Mountain Made Dulcimer

Osborne A Telier: Building a Mountain Dulcimer

Folkcraft Instruments: Mountain Dulcimer Building Supplies - Plans And Instructions

Quazen: How to Make a Dulcimer

Howdy Ya Dewit: How to Tell if A Piece of Wood Will Make a Good Musical Instrument

Doug Sparling: Fret Calculator



  1. I really want to build one of these, I bookmarked your page, as well as all the links. Big thanks for the Fret calculator as well. Did you complete yours ?

  2. Creative idea. I want to build this Box Dulcimer.

  3. Love your description, specifically looked it up again to get some dimensions. Particularly wonder how the wood for the box is 23" long, the fretboard is 28" long, and the box is longer. Or did I miss it somewhere?

  4. You're right, that's confusing. The picture shows a dulcimer with an abbreviated fretboard. The design is for one with five extra inches for a headstock that extends beyond the box. I added a picture and some clarification. I like the extended headstock so you can use banjo or guitar tuners instead of friction pegs. I also added hyperlinks to places you can get things mentioned in the article. Good luck with your project.
    - Tom

  5. Your dulcimer appears to be 23" long. What is the VSL?

  6. I personally like the abbreviated fret board. So the box is 23"x6". Looks wider than that.

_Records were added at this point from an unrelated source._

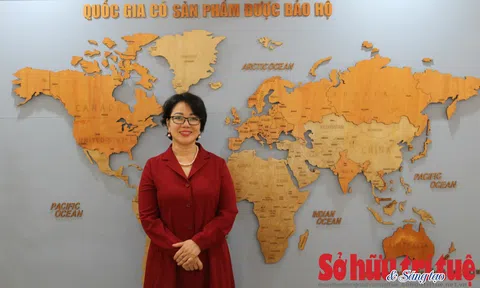 Bác sĩ Phạm Thị Kim Loan: Sáng chế là cuộc hành trình khai phá vùng đất mới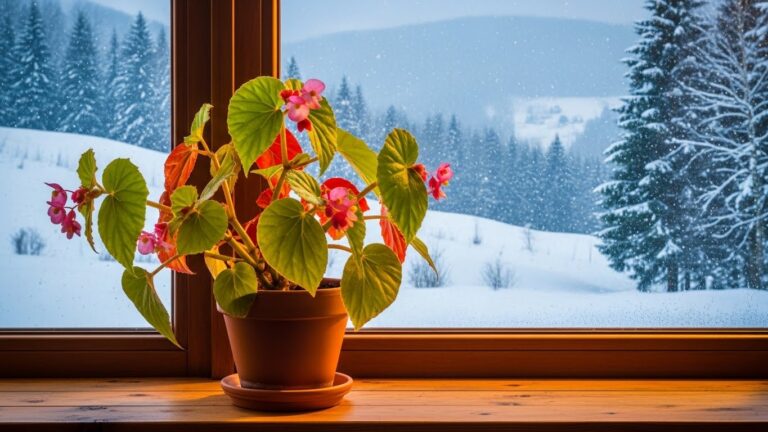 Beautiful begonia plant thriving indoors with snowy winter scenery outside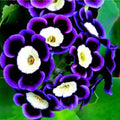 20/100/200 purple petunia bullseye flower seeds for spring summer Blue Yellow White colorful fast growing(20 Seeds)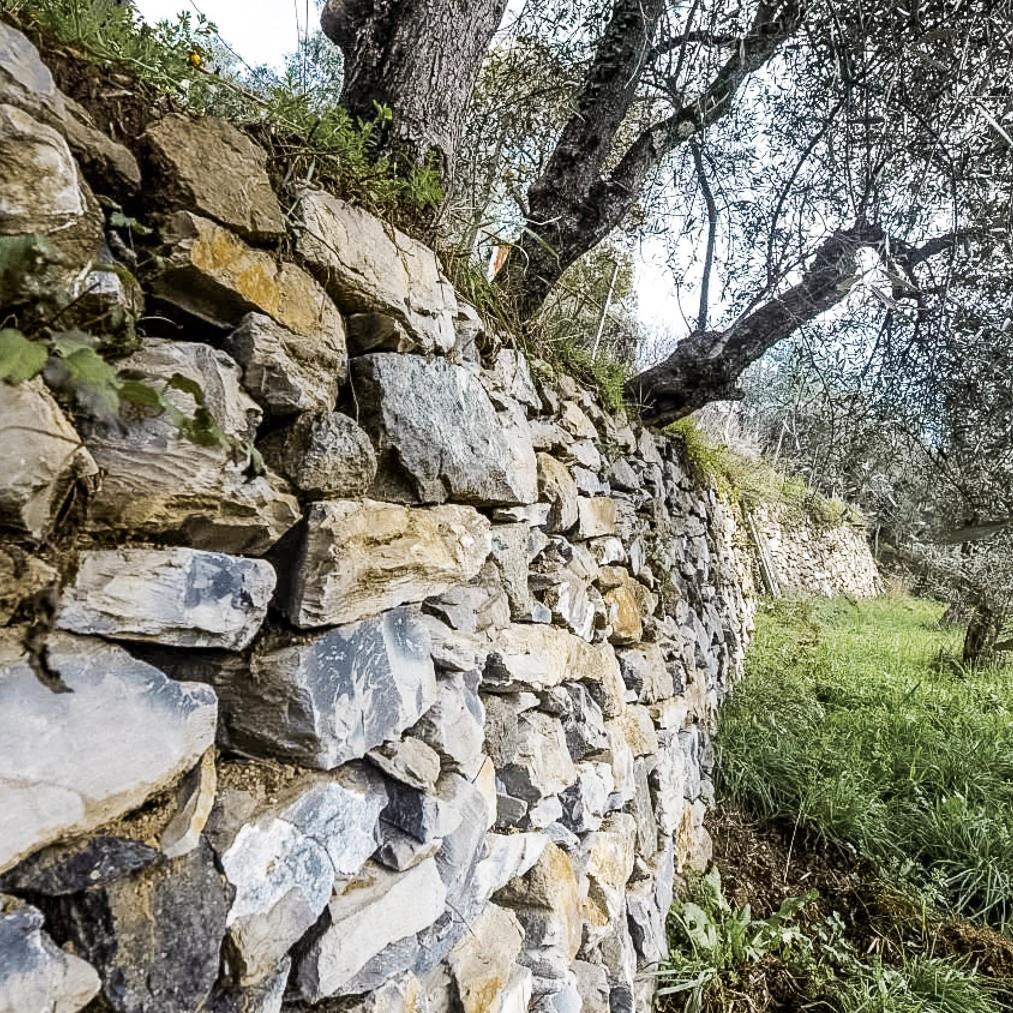 Charming Row House in Casarza Ligure, Liguria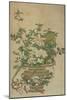 Flowers of the Four Seasons, Qing dynasty, 18th-19th century-Chinese School-Mounted Giclee Print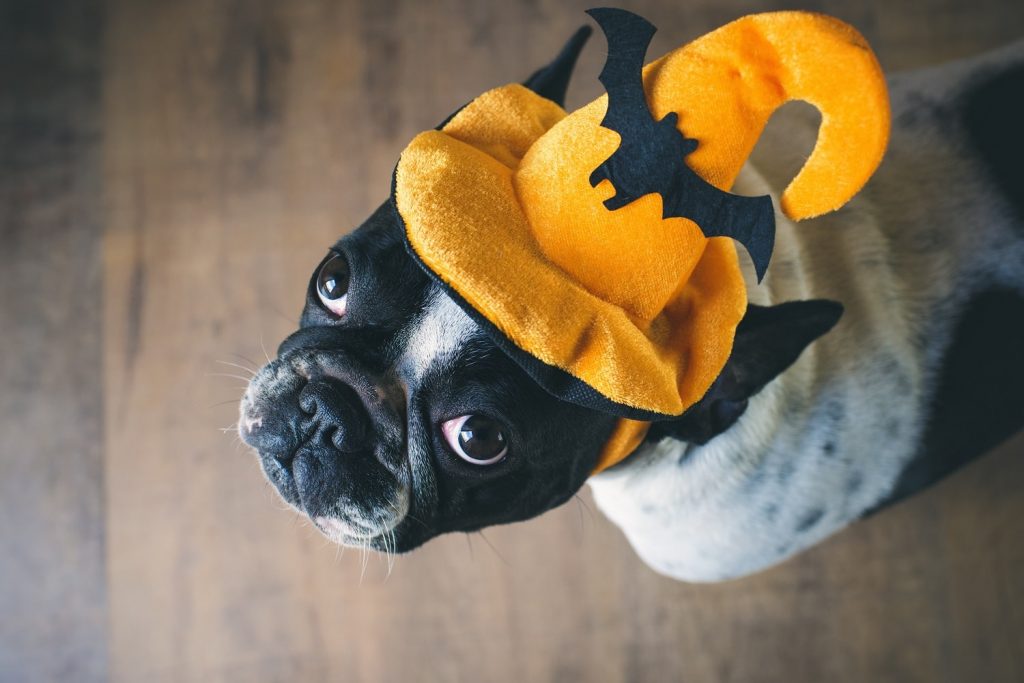 6 Ways to Make Halloween Easier on Pets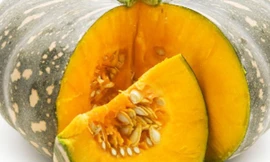 Ảnh minh họa: Internet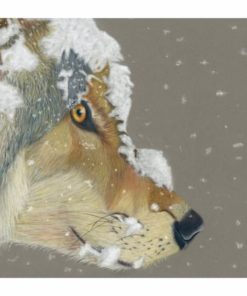Snow Wolf giclee print by Alan Taylor Art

  7. The VSL is measured from the nut to the bridge. The vibrating string length rather depends on where you actually put the bridge and nut. That's part of the construction process and depends rather on what bridge and nut assembly you use. It can be 22 inches, 23 inches or somewhere between. Simply enter the VSL in the fret calculator and it will adjust your fret measurements accordingly. With the one I've linked to above, you can play around with the VSL till you get measurements you like and then set your bridge and nut. Remember that because dulcimers are not chromatic, they don't have every fret. The fret calculator tells you which ones to skip.

  8. The pictures are of wider box dulcimers. Six inches is adequate for this project. If you want a throatier sound, by all means make it wider. Put your own stamp on it. That's why you go to the trouble of making your own instruments. One of the most interesting homemade instruments I ever saw was made from a banjo neck and a bedpan. On this banjo, the pot was really a "pot".

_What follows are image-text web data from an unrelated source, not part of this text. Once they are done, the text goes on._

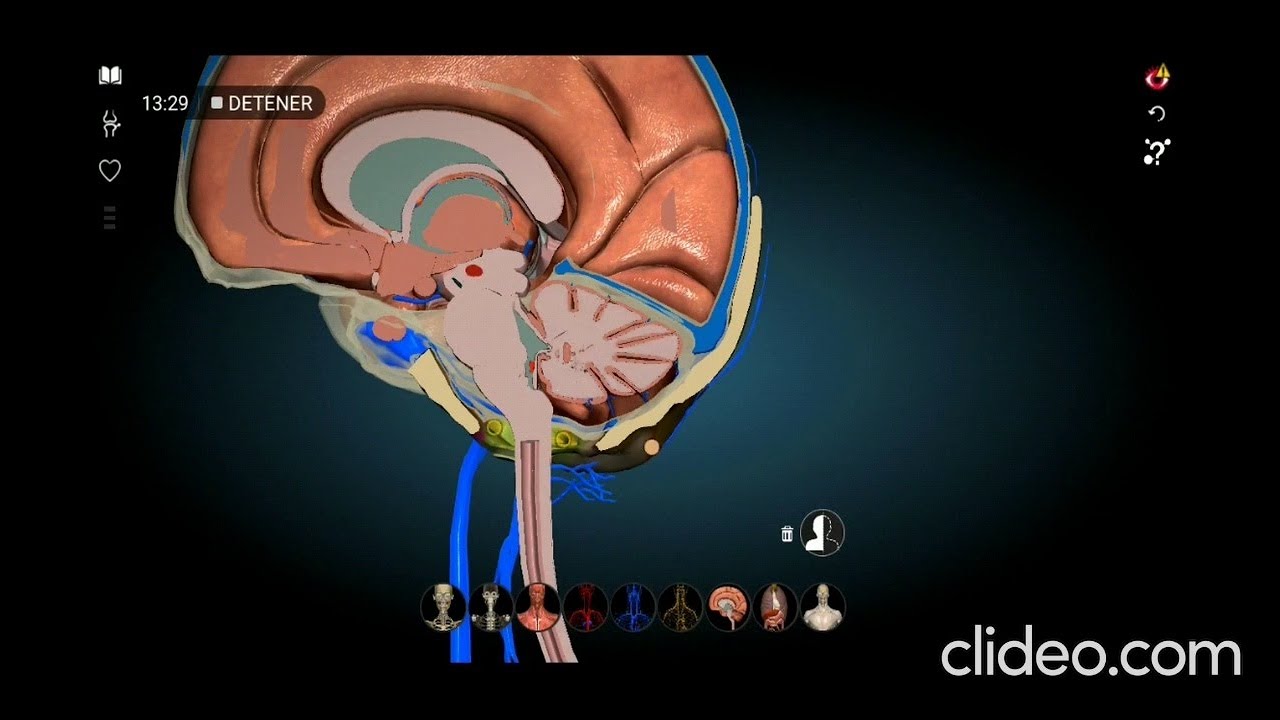 3D Anatomía | Hueso Occipital (caras, bordes, angulos, nervios, arterias, venas, articulaciones)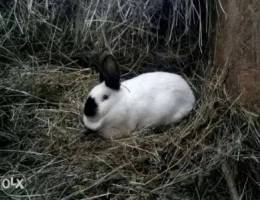 All rabbit breeds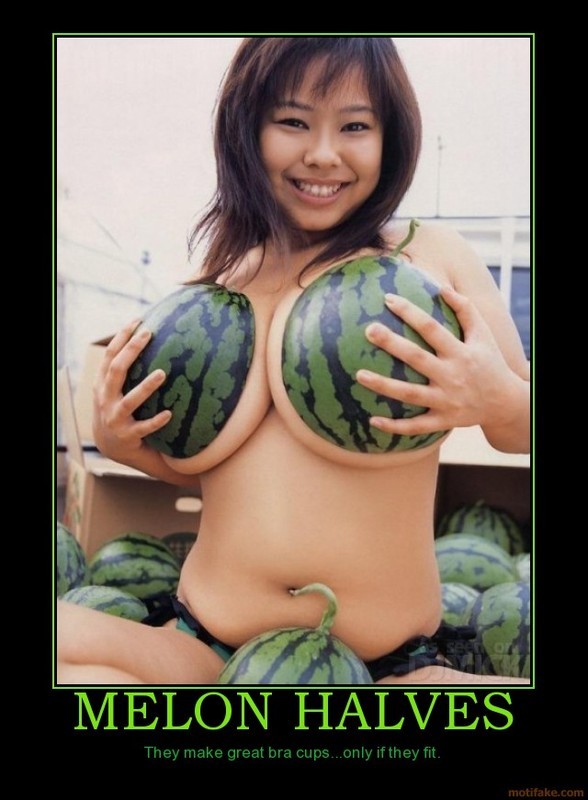 Zdroj: tizona.wordpress.com Zdroj: tizona.wordpress.com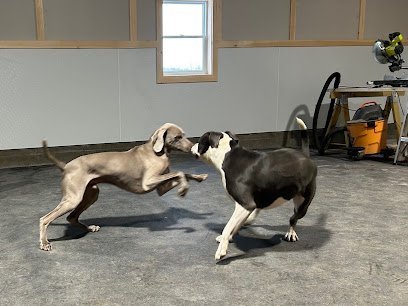 Dog day care in Newport Vermont Stubbs Dog House 1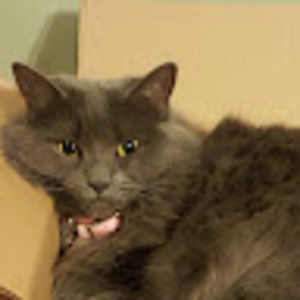 Meet your Posher, Amy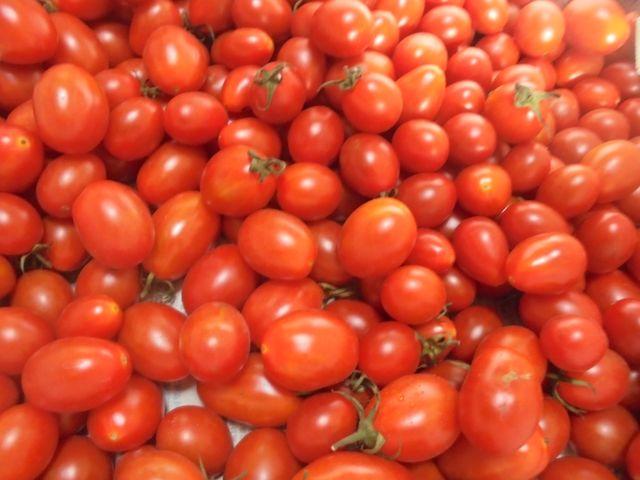 小番茄--種子1份50粒30元..買5送1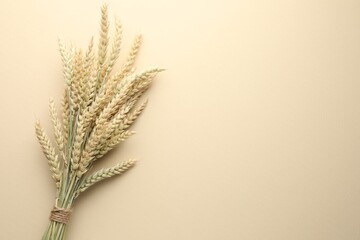 Bunch of wheat spikes on beige background, top view. Space for text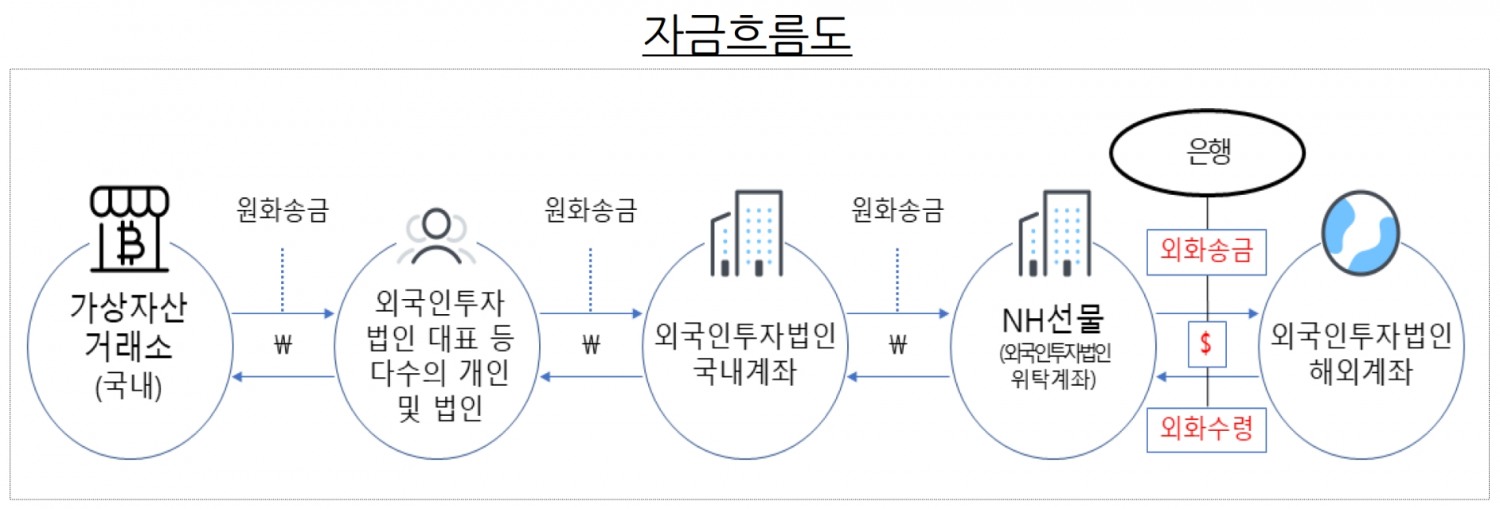 금융감독원에서 확인한 외국인투자법인의 이상 외화송금 자금 흐름도. /자료제공=금융감독원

  9. I'm interested in making one of these instuments and am currently drawing a plan using CAD. I can't quite work out step 5:

    Step 5
    Cut two bridges from hardwood. The one for the heel should be 1 ½ inches wide, 1 ¼ inches tall by ¼ inches thick. The second is 1/8 inch thick by 1 ½ inch by ¼ inch tall.

    Where exactly does this bridge fit? The photographs all seem to be of differently constructed instruments to the one described in the instructions.


  10. See my comment above about the VSL calculation. It allows you to play around with the distances from the nut to the bridge and adjusts the frets accordingly via the calculator. You can simply put the bridge where you want it and then set the fret spacing accordingly using the calculator. This will change the spacing of the frets. If you prefer a more standard fret spacing, just measure another dulcimer and copy it's string length. The fret calculator will lay out fret spacing to match.

    Sorry about the confusion. I showed a full and partial length fretboard. You can do it either way. If you use a partial lenght fretboard, you can cut a sound hole under where you strike the string and get a more guitar-like sound from the strings, especially if you build a larger sound box for it.

    Send pictures or drawings if you would. I'd love to post them here. - Tom

  11. Thank you for sharing your hard working experience. I would love to know if you have one you want to sell. I am looking for a box dulcimer. Do you? Is doesn't matter if it is used. Just in case you do, I am asking. Thank you very much.